Metro has made itself BACK2GOOD with maintenance during SafeTrack closures and this overnight work, as well as the 2018 Red Line stoppage in NE DC. The long-term closures in 2019 through 2021 [Page 17 of PDF] will add to this upkeep catch-up. On top of those long-term closures, Metro staff says they need to keep late-nights for “wrench time” to complete projects as much as 82 percent and as little as 22 percent completed.
The debate kicked off with Jack Evans’ gambit: a veto-threat backed by DC officials (elected and appointed) as well as elected officials in Montgomery and Prince George’s County. Board Members representing Maryland and Virginia, appointed by their respective Governors, opposed the return of late-night service.
Metro staff insisted that they need more time to restore the rail system to proper working order, but they’ve had a lot of time already with SafeTrack, a decade or more of weekend and evening single tracking, and their upcoming capital improvement closures. Metro threatens delayed improvements if late-night service returns, but they constructed a straw man insisting that returning to the late operations means also returning to the old, unsafe and habitually delayed maintenance.
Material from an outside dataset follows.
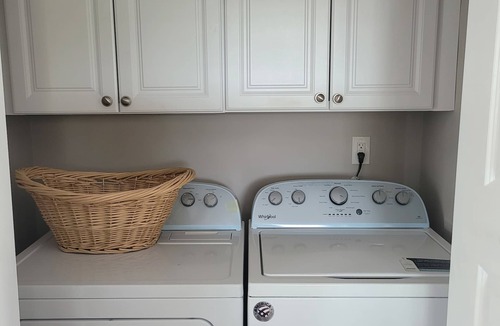 Newnan House | Cozy Cottage Close to Historic Downtown Newnan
Other than data-barren slideshows, Metro doesn’t publically document their maintenance progress. They approach the Board and DC commuters with an ultimatum—reduced service that harms the community —and little explanation. Metro won’t say when they’ll be done compromising rider experience and, when pushed for accounting, they wave the patronizing flag of rider safety.
But, maintenance is forever. DC commuters endure single tracking and station closures for the big stuff like platform overhaul. Metro offers little proof that they will ever stop needing late nights for regular repair and few signs they perform a cost-benefit analysis including harms to commuters. Why won’t Metro release a plan late-shift workers can hold them to?
Alternatives to late-night closures were discussed, and they entered into the bizarre. Board members suggested Metro close during the middle of the day for repairs, then open again for the evening commute and stay open through late-night.
The debate during the actual Board meeting was probably just the start of the late-night hours issue. The Board tabled the vote on the actual resolution until their January meeting. Gridlocked debate and inaction on this issue mean a restoration of late-night hours, so Jack Evans holds a strong negotiating hand with his veto threat so long as it stands.